19 April 2011

Math You Can Use




Refactoring If Statements with De Morgan's Laws

When I was in college, years ago, I discovered a little trick to use De Morgan's Laws, a basic principle from Discrete Math, to manipulate logical statements while Programming and I employ it whenever it fits. I started doing this so long ago that I do not recall if I came up with it on my own, I did take a lot of extra Logic classes in college, or if I picked it up from someone else. So naturally I was excited to write a blog entry about it and did, however, as I was finishing it up it occurred to me to Google it, and although I was not really surprised to find other mention of the idea, I was, however, dismayed to find out that Steve McConnell mentions it in his book, Code Complete, which is highly recommended and also has been on my list of books to read, I guess I am disheartened because now it might seem like I am just taking an idea from a fairly prominent book, and in looking through the book I see many good ideas, some that I think have been expressed by others as well, so the re-expressing a good software idea seems both justifiable and one that is consistent with the goals of my blog, so I am glad that I did not Google it earlier which might have discouraged me from writing this.

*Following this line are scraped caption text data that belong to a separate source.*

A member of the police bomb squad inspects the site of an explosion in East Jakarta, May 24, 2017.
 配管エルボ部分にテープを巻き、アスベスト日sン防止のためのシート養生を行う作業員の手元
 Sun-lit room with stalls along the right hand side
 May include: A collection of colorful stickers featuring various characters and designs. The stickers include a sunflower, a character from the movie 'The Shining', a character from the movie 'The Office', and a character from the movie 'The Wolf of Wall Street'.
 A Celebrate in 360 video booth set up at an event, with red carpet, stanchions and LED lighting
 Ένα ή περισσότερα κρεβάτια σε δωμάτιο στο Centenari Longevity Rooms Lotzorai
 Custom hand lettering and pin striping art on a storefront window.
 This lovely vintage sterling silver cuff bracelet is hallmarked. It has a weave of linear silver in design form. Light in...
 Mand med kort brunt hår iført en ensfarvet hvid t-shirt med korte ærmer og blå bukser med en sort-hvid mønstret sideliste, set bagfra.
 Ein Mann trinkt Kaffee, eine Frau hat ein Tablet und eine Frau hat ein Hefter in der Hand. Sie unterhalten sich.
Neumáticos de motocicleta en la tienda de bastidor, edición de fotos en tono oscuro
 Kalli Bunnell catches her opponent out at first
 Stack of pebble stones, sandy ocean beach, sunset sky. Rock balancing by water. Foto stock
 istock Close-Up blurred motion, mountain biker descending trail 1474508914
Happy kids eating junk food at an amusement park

In Code Complete, this idea is treated, consistent with the rest of the book, very practically and concisely. It is discussed solely as a refactoring technique, and it is a good one to know, but to me it is much more than that, it is the actual application of Math to that act of Programming! And this presents an opportunity to use this technique to help Programmers understand an interesting Mathematical concept.

So let’s run through how this works. To apply this to Programming mechanics we can look at this from a symbol manipulation point of view, after all Programming in some senses is the manipulation of lexical symbols. Strictly speaking, it involves symbolic variants, if you will, of the distributive property and of factoring, in regards to the negation symbol.

The two forms of Demorgan’s Law, described using standard Java/C++ logical operators are:

!(a || b) == (!a && !b)

!(a && b) == (!a || !b)

Looking at either of the above logical forms of the De Morgan’s statements, identities actually, you can see that going left to right, the negation symbol is "distributed" across the two terms and going right to left, the negation symbol is "factored" out from the two terms and applied to the whole statement. Each operation causes the "and" symbol to be swapped with the "or" symbol or vice versa. A simple mnemonic might be "either distribute and flip or factor and flip." Please note that flip means switching between these two operators, and that these are not inverse operations.

Ok, so let’s put this to use, a recommended refactoring, also mentioned in Code Complete, is the "Reverse Conditional," . If you were to come across the following Java/C++ code, you would look at it and see that it is negative, if you have been using the Demorgan’s Law refactoring trick, you will instantly know how to refactor it:

if((a != b) || (c != d)) {

statementA1;

...

statementAn;

} else {

statementB1;

...

statementBn;

}

So we need to get the positive conditional which means we need to negate the current if statement’s logic, let’s walk through it:

First we’ll pull the negative’s out, using the following rule:

(x != a) == !(x ==a), I don’t know what this is called, but it should be pretty obvious that it is true.

So now we have:

if(!(a == b) || !(c == d)) {

Now we factor and flip:

if(!((a == b) && (c == d))) {

Negating gets rid of the "!" because !!x == x, which is called double negation, and the final refactored code with the if and else blocks reversed is:

if((a == b) && (c == d)) {

statementB1;

statementBn;

} else {

statementA1;

statementAn;

}

So now, you either already knew this or now know it, if this is new to you I would recommend that practice it. Perhaps write some test code and play with the various forms translating each form back and forth and seeing how the logic works.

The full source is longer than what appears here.